Unless your work takes you to the far side of the moon, you recall how the late-night talk show shuffle turned Jay Leno and Conan O’Brien into players in a melodrama. Whether you prefer Jay, Conan, or an early bedtime, you know the fallout was ultimately about business decisions. Bad business moves are easy to see in hindsight, but sometimes, they’re defended as “taking a chance on a new idea.”
It all reminded a reporter friend of what her former newspaper tried. “For some reason, it was decided that merging three distinct, successful, weekly sections would be a great idea,” she said. Each section—separately featuring travel, food and entertainment– carried ads skewed to a specific readership.

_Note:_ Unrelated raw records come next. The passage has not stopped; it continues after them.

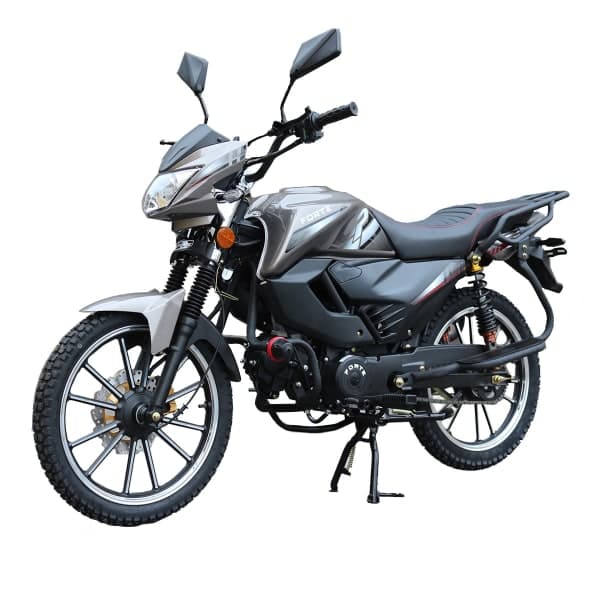 Мотоцикл ALFA FT125-LX Forte Cірий - зображення 1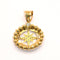 Colgante Colgante rose des vents en oro amarillo de 18k 58 Facettes 93482431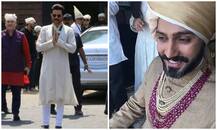 दुल्हनिया सोनम को लेने निकले आनंद आहूजा, देखिए दूल्हे राजा की सबसे पहली झलक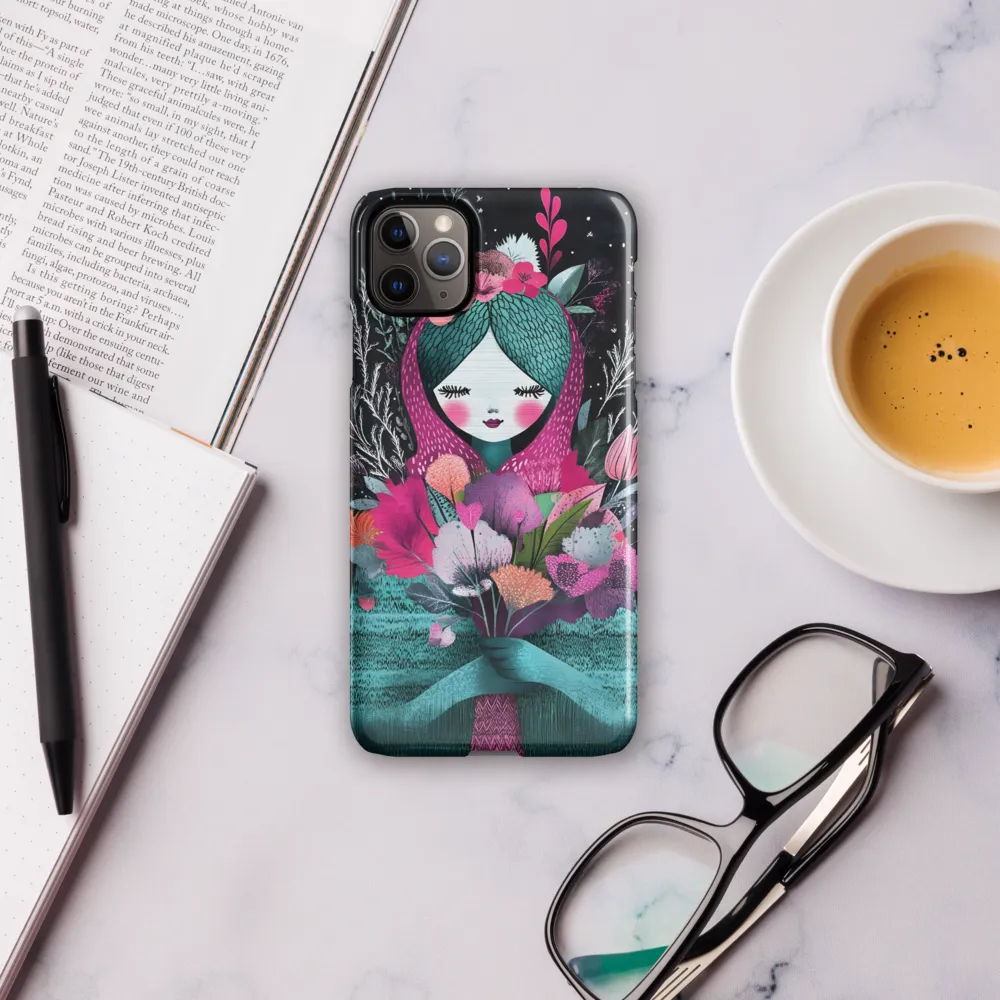 Whispers of Flora | Phone Case |  11 Pro Max | Snap Case | Glossy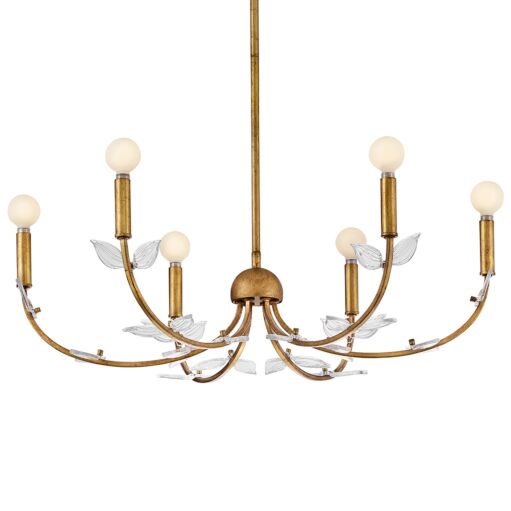 Aliso 48286DA  Medium Chandelier - Bronze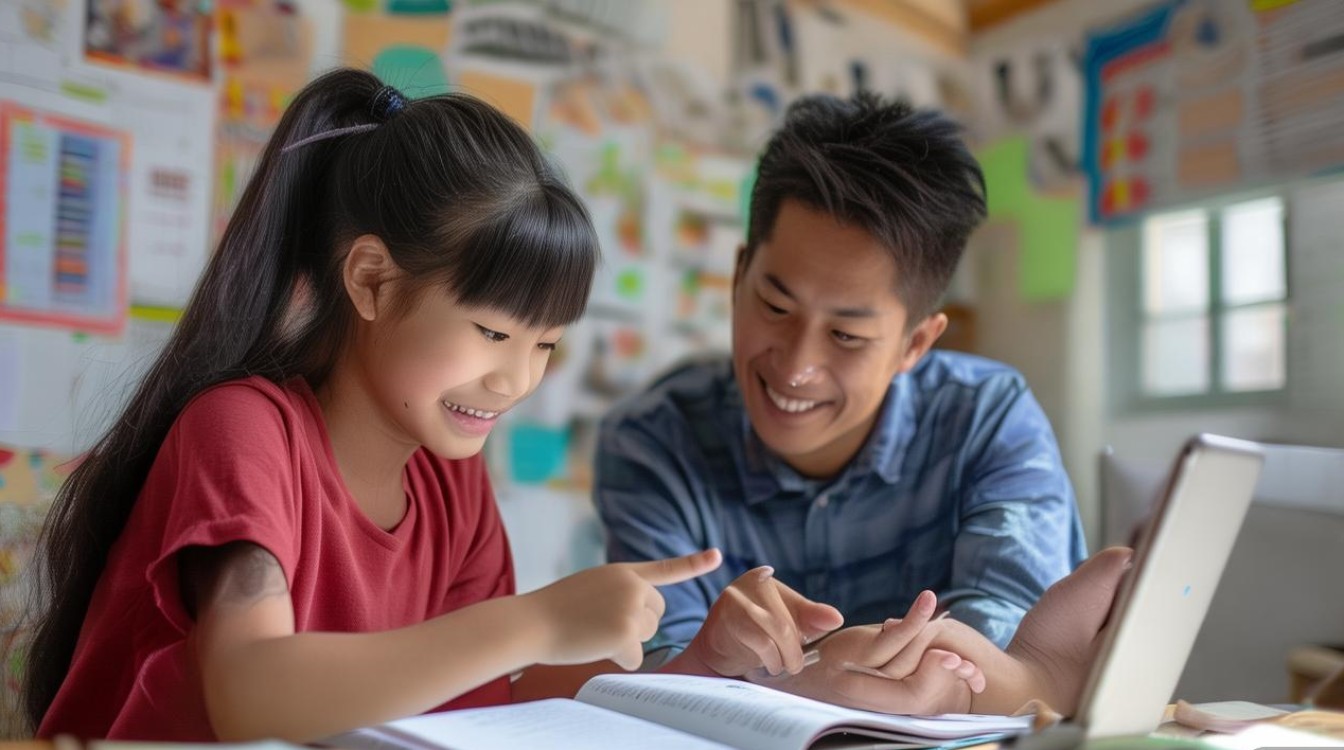 如何有效陪孩子学习高中英语，提升学习兴趣与成绩？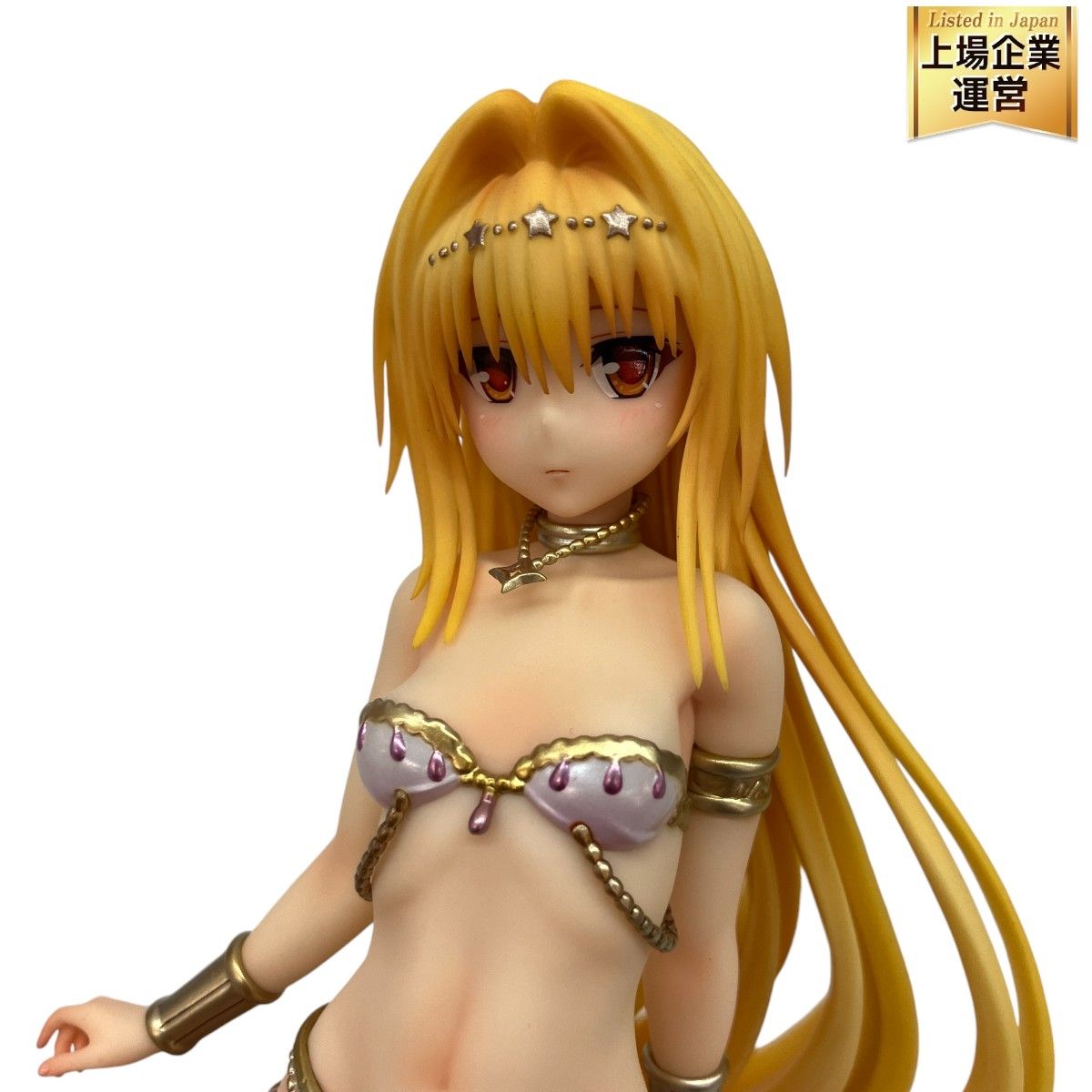 ホビージャパン 金色の闇 To LOVEる-とらぶる-ダークネス 1/7 AMAKUNI フィギュア 開封済み 中古 C9250575 - メルカリ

The paper’s sales force fretted over pitching the new product, advertisers protested the blurring of their niche markets, and focus groups suggested that the paper might lose readers.

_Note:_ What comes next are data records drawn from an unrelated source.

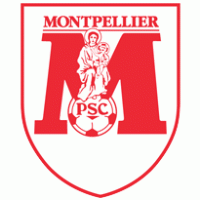 PSC Montpellier (80’s logo) logo vector logo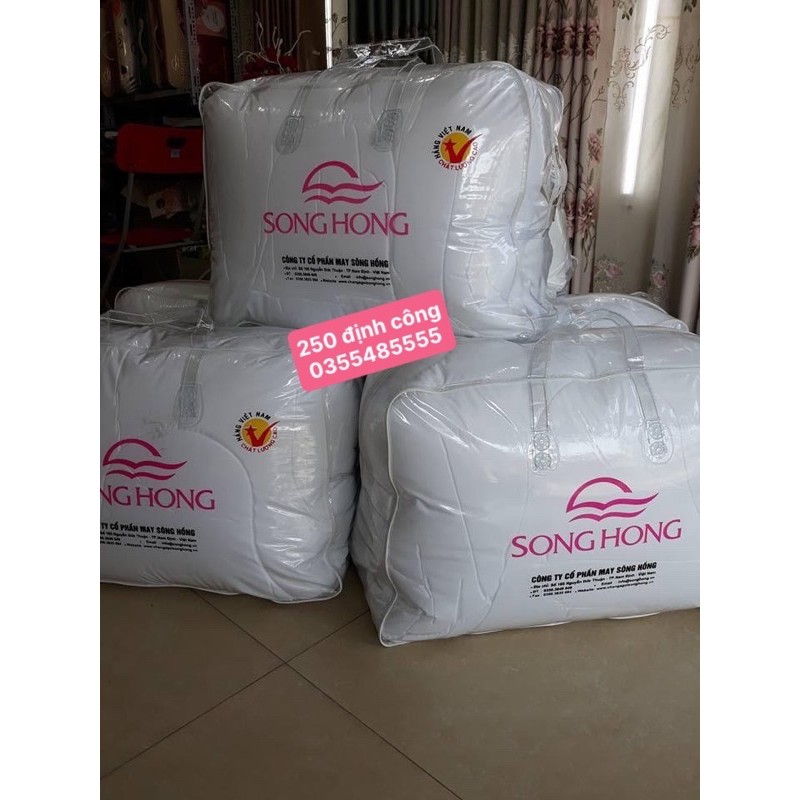 ❤️❤️🌟🌟sale Ruột chăn đông Sông Hồng loại 3,5kg ( loại dày 2m x2,2m )rẻ nhất chính hãng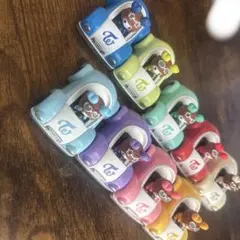 TWICE LOVELYS プルバックカーコレクション全種セット
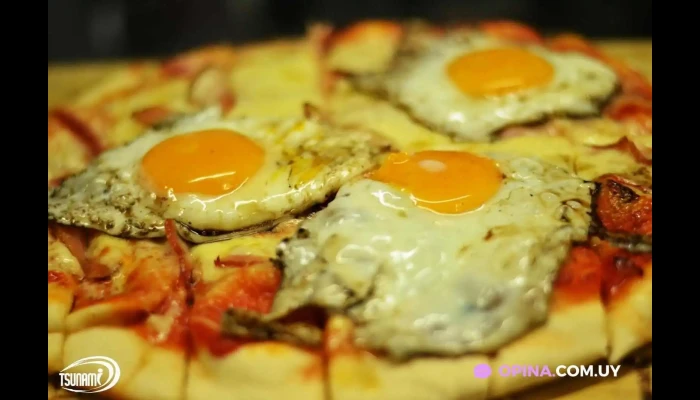 Tsunami La Paloma Pizza - La Aguada y Costa Azul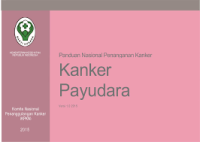 Image of Ebook: Panduan Nasional Penanganan Kanker: Kanker Payudara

When prototypes of the “super section” appeared, staffers from every department offered feedback. ”But management didn’t want critiques, just compliments,” said my friend. Negative comments were brushed aside and the new section was launched, amid expensive, extensive promotion.
The super section was a super disaster, disliked by readers and shunned by advertisers. Less than a year later, after tweaking its format and shrinking its staff, the paper quietly dropped its “great idea.” The disappointment could have been dodged, along with resources saved. Yet those in charge ignored all instincts but their own.
Ever been so wedded to an idea that you overlook the caution flags from colleagues or customers? One last look before taking the plunge may bring an early glimpse of welcome hindsight —and the foresight for success, not regret.
Consider using a focus group of your customers before the launch of a new idea, product, or service, or survey customers to see if there is a need and interest in what you are trying to sell. Your customers will be happier and your bottom line, more robust!